* _EXERCISE_
Retype the lines from the first one in the records down to the line containing "familiar ファミリア 半袖Tシャツ 80cmのサムネイル", counting both, and leave out any pictures.

===============

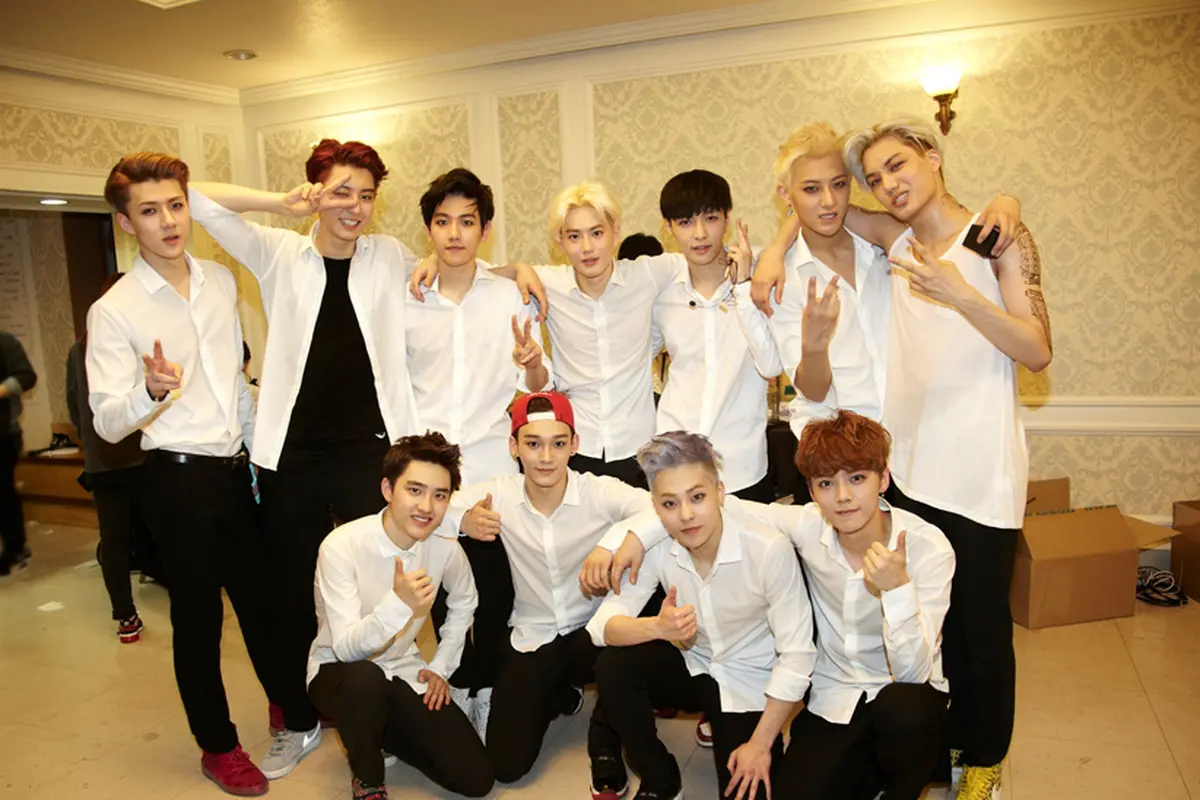 EXO Malas Pakai Celana Selepas Gelar Konser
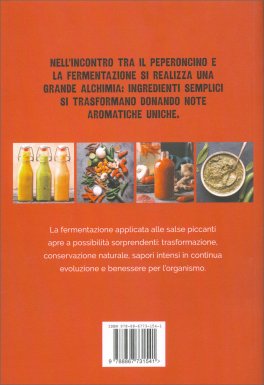 Salse Fermentate Piccanti — Libro - 2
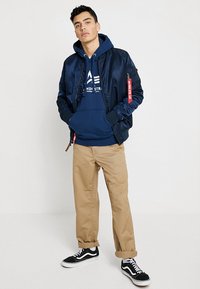 Alpha Industries BASIC - Hoodie - new navy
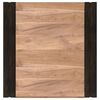 vidaXL Badregal 45x45x35 cm Massivholz Teak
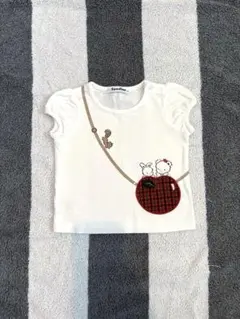 familiar ファミリア 半袖Tシャツ 80cmのサムネイル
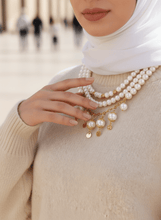 Load image into Gallery viewer, Delicate White Necklace - Mallorca Pearls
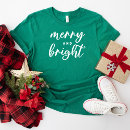 Recherche de vert de noël tshirts Typographie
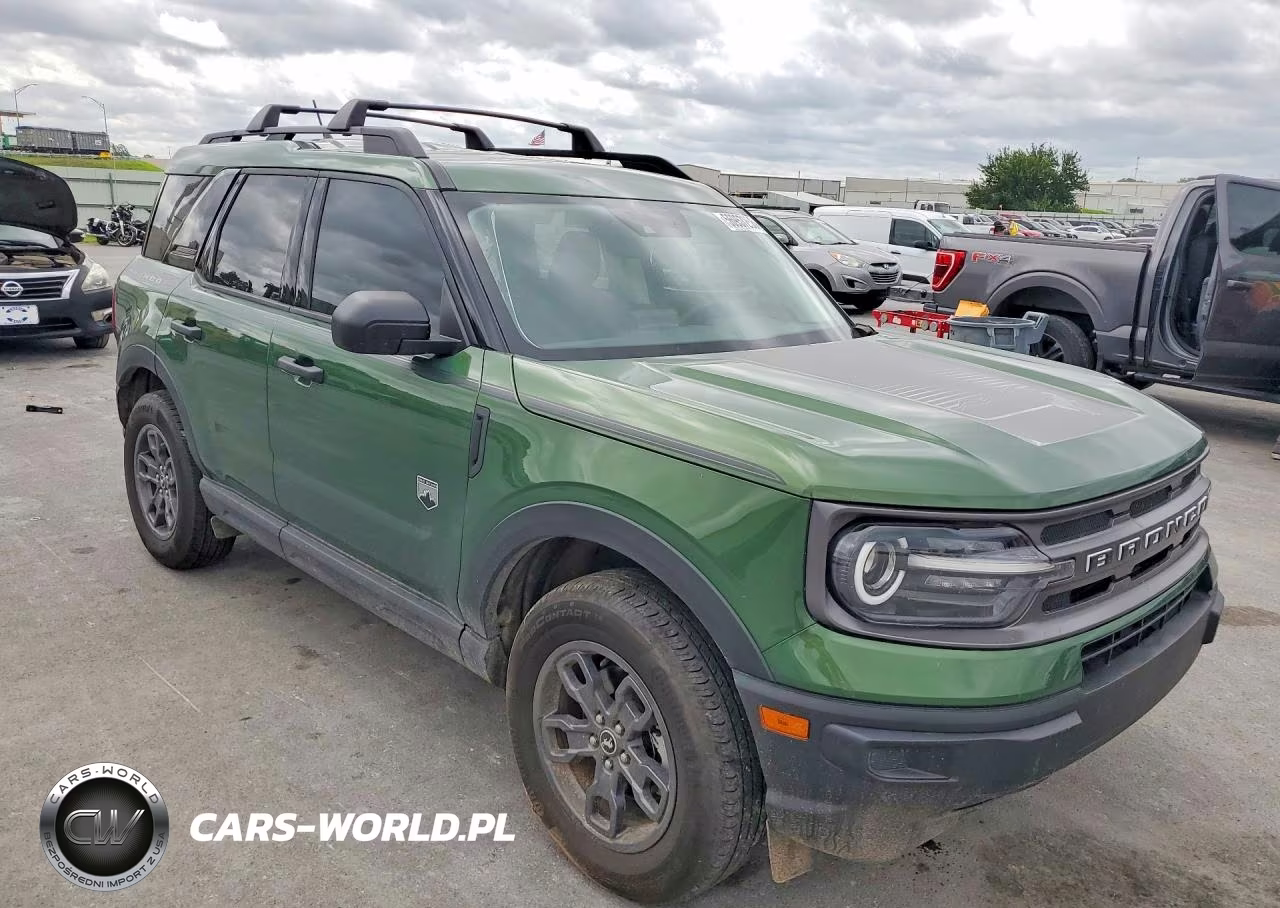 2024 Ford Bronco Sport Big Bend VIN:3FMCR9B65RRF43815 - 4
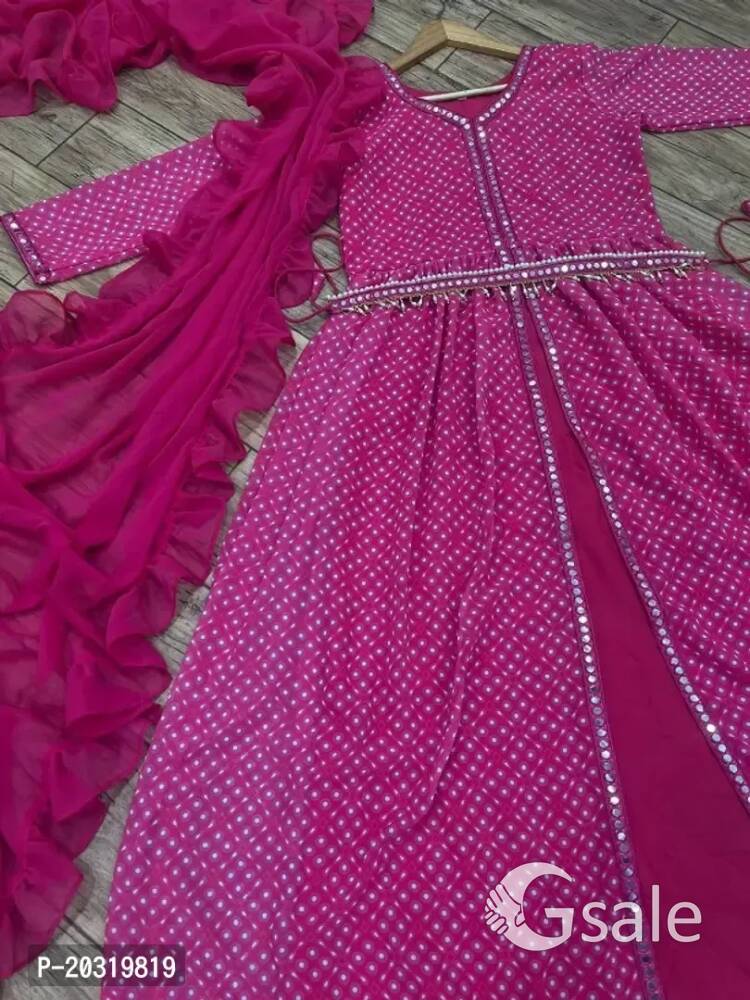 Anarkali dress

===============

* _YOUR SOLUTION_
 EXO Malas Pakai Celana Selepas Gelar Konser
 Salse Fermentate Piccanti — Libro - 2
 Alpha Industries BASIC - Hoodie - new navy
 vidaXL Badregal 45x45x35 cm Massivholz Teak
 familiar ファミリア 半袖Tシャツ 80cmのサムネイル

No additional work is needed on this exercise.